Perbaiki hubungan China-Indonesia
Soeharto yang saat itu menyadari bersitegang dengan China, terus mendorong agar hubungan Indonesia-China semakin membaik. Kata Soeharto, betapapun besarnya perbedaan antara dua negara, namun persahabatan dapat dijalin atas dasar saling menghormati kedaulatan, saling tidak mencampuri urusan dalam negeri dan saling kerja sama.
Bagi Soeharto, normalisasi hubungan itu juga memberi sumbangan yang berarti bagi stabilitas di kawasan Asia Timur dan Asia Tenggara, yang selanjutnya juga melicinkan jalan bagi berbagai pendekatan regional lainnya.
Pertumbuhan ekonomi capai 9,2 persen
Soeharto menjelaskan, selama lebih dari dua dasawarsa terakhir (1989-1993), sektor industri telah tumbuh lebih cepat dari sektor-sektor lain, yaitu dengan rata-rata lebih dari 12% per tahun.
Dengan perkembangan yang pesat itu, peranan sektor industri dalam produksi nasional telah meningkat dari 9,2% dalam tahun 1969 menjadi 21,3% dalam tahun 1991.
“Yang sangat membesarkan hati adalah makin banyak produk industri kita yang mampu bersaing dan menembus pasaran dunia. Hasil-hasil industri sekarang menjadi tumpuan dan andalan utama ekspor non-migas kita,” ujar Soeharto.
Tak hanya itu, di masa jabatan terkahirnya itu, kegiatan agroindustri berkembang pesat. Perkembangan kegiatan agroindustri tersebut, menurut Soeharto tidak saja meningkatkan nilai tambahan hasil-hasil pertanian, tetapi juga mempererat keterkaitan antara sektor pertanian dan sektor industri.
Selanjutnya, kemajuan penting lainnya dalam memantapkan struktur ekonomi Indonesia yaitu semakin minimnya ketergantungan pada sektor migas.
“Dalam satu dasawarsa terakhir ini penurunan peranan migas itu tampak dalam produksi nasional, dalam ekspor dan dalam penerimaan dalam negeri untuk anggaran negara,” tutur Soeharto.
Dominasi migas menurun tahun 1991
Soeharto mengatakan, dalam produksi nasional, dominasi migas menurun dari 24% dari seluruh produksi nasional pada 1981, menjadi 15,6% pada 1991. Dalam ekspornya, perannya menurun lebih cepat lagi, yaitu dari 82% dari seluruh penerimaan ekspor kita dalam tahun 1981/ 1982 menjadi sekitar 32% dalam tahun 1992/1993.

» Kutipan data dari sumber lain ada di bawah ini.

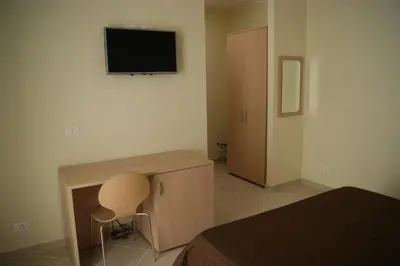 TV o dispositivi per l'intrattenimento presso Guest House Golfo Xifonio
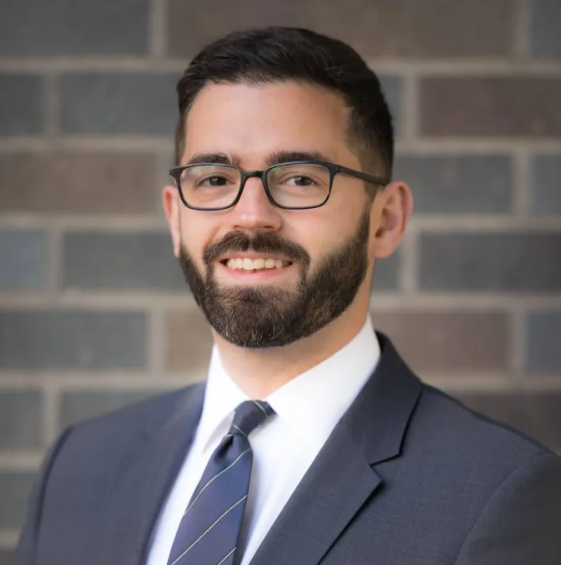 Portrait of Ryan O'Malley, a smiling young man with dark hair, a beard, and glasses, wearing a navy suit with a white shirt and striped tie, against a gray brick wall.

Sebaliknya peranan ekspor non-migas dalam ekspor Indonesia secara keseluruhan telah meningkat dari 18% dalam tahun 1981/1982 menjadi 68% dalam tahun 1992/1993.
Peningkatan ekspor non-migas sungguh sangat pesat. Dalam tahun 1968 nilai ekspor non migas baru sekitar US$570 juta untuk seluruh tahun. Dewasa ini, ekspor non-migas itu sudah mencapai lebih dari US$2 miliar untuk setiap bulan. Dalam tahun 1981/1982 penerimaan dalam negeri dari sumber non-migas hanya sekitar 29% dari seluruh penerimaan dalam negeri.

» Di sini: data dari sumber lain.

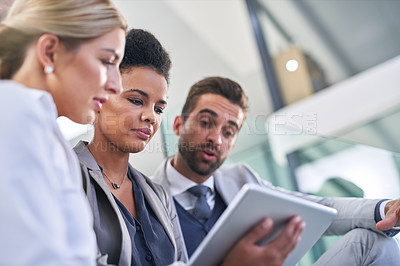 Buy stock photo Cropped shot of a group of businesspeople working together on a digital tablet in an office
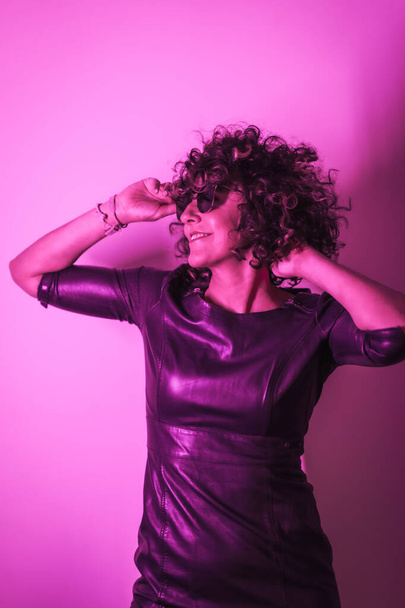 Studio lifestyle, a young Caucasian woman smiling in a session with elegant clothes and sunglasses, with neon pink light - Fotografie, Obrázek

“Dalam tahun 1992/1993 penerimaan negara dari sumber non-migas telah meningkat menjadi lebih dari 70%” ucap Soeharto dalam pidatonya.
Minta maaf atas segala kekurangan
Di akhir pidatonya, Presiden ke-2 RI, Soeharto menyebut bahwa keberhasilannya adalah berkat dukungan, kepercayaan dan kerja keras dari seluruh kalangan, golongan dan generasi bangsa Indonesia.
Menurut Soeharto, segala kekurangannya adalah karena keterbatasannya sebagai manusia. Atas segala dukungan terhadap kepemimpinannya, ia sampaikan rasa terima kasih yanraedalam-dalamnya.